Şahin ALPAY
Today's Zaman'da çıkan yorumlarımın devamlı okurları arasında, elli yıldan fazla bir süre önce bir bursla gittiğim ABD'de, sadece bir yıl birlikte okuduğum Amerikalı sınıf arkadaşlarım var.
Bunlardan biri geçenlerde, ABD'de okuyan bir Türk üniversite öğrencisinin New York Times'ın yorum sayfasında çıkan yazısına dikkatimi çekti. Yazı, Amerikan posta idaresinin mükemmel işlediği, bu gibi kurumların ABD'yi dünyanın en güçlü ülkesi kıldığı ana fikrini işliyordu.
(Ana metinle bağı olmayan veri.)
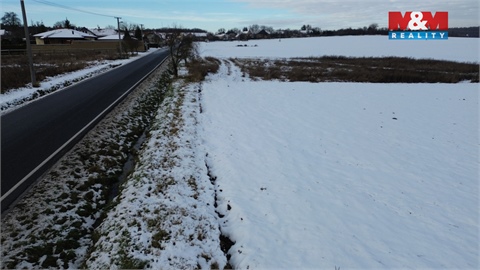 Prodej stavebního pozemku, 3 662 m² - 10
Evet, ABD'yi dünyanın en güçlü ülkesi kılan etkenler arasında, posta idaresi gibi kurumların mükemmel işleyişinin rolü olmalı. Ne var ki, ABD dünyanın en güçlü ülkesi ise, en yaratıcı ve yenilikçi toplumu ise bunu açıklayan esas etken, muhakkak ki, (bütün eksik ve kusurlarına rağmen) güçlü bir demokrasiye sahip olması; bireyin temel hak ve özgürlüklerinin adım adım güçlenerek yerleşmiş oluşu. Bu başarı sadece 18. yüzyılın sonunda yapılan anayasayla ve yöneticilerin anayasaya saygı göstermesiyle açıklanamaz. Belki daha önemlisi, yurttaşların haklarını ve özgürlüklerini savunmada gösterdikleri, başka ülkelerde ender görülen kararlılık ve cevvaliyet.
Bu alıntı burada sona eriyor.